By then, the fans had well and truly caught the big-banger bug and were packing the circuits by September 1, 1968, when the McLaren M6As and M8As took a hold of the series and didn’t let go of it for two whole years. They won 23 races right off the bat, a non-stop victory rampage; 11 of them went to Denny, seven to Bruce, two to Dan Gurney, one to Mark Donohue, another to Canadian John Cannon and a single victory to Peter Gethin before Tony Dean brought a temporary end to all that in a Porsche 908 by winning Road Atlanta on September 13, 1970. It was only a brief respite, though, because the McLarens were back on the warpath at Brainerd on two weeks later, when they began another 15 Can-Am victory run before Porsche became top dog with the fabled 917.
The McLaren F1 effort continued into 1969 with Bruce and Denny scoring many top six placings but no more victories. Their efforts took Bruce to 3rd in the World Drivers Championship table with 26 points, miles away from title winner Jackie Stewart and his 63. The team made 4th in the constructors title chase, but that, too, was a long way from victorious Matra-Ford.
Bruce was down to drive Carroll Shelby’s turbine car at Indianapolis in 1968, but the American withdrew the jet-powered monster because he considered it too powerful. McLaren still had his sights set on the Brickyard, however, and in mid-’69 got designer Gordon Coppuck to create the turbocharged M15 based on the team’s all-conquering Can-Am car. Testing confirmed the car could be competitive, but during a practice session, the fuel filler cap snapped open and covered tester Denny Hulme’s hands and the car itself with blazing methanol. That put him out of racing and meant he could not drive one of the three M15s readied for Indy; the remaining two were campaigned by Carl Williams and Peter Revson, who covered 197 and 87 of the 200 laps, respectively. The M15 won Indy’s coveted Schwitzer Award for engineering excellence.
Then tragedy struck.

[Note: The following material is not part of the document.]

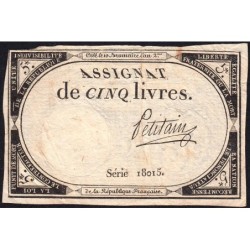 Assignat 46a - 5 livres - 10 brumaire an 2 - Signature 83 - Etat : TB+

Bruce was killed testing his new M8D Can-Am contender at Goodwood on June 2, 1970. After the shock and horror of losing their quiet, charismatic, highly successful boss, the team decided the best tribute they could pay him was to continue, which they did in spectacular fashion in F1, Can-Am and Indy, where Mark Donohue won the 500 in a McLaren in 1972 as did Johnny Rutherford in 1974 and 1976.
Bruce’s achievements were staggering. He was a Grand Prix winner four times over, his cars had become the dominant force in Can-Am and stayed that way for five mind-blowing years and he was about to take Indianapolis by storm. Some said he was thinking of retiring from racing before he died. His business was certainly a success and a road-going version of his M6 Can-Am racer was on the cards: prototypes had already been built.
The McLaren team, however, went on to become one of the greatest in the history of Formula 1, a fitting tribute to its founder.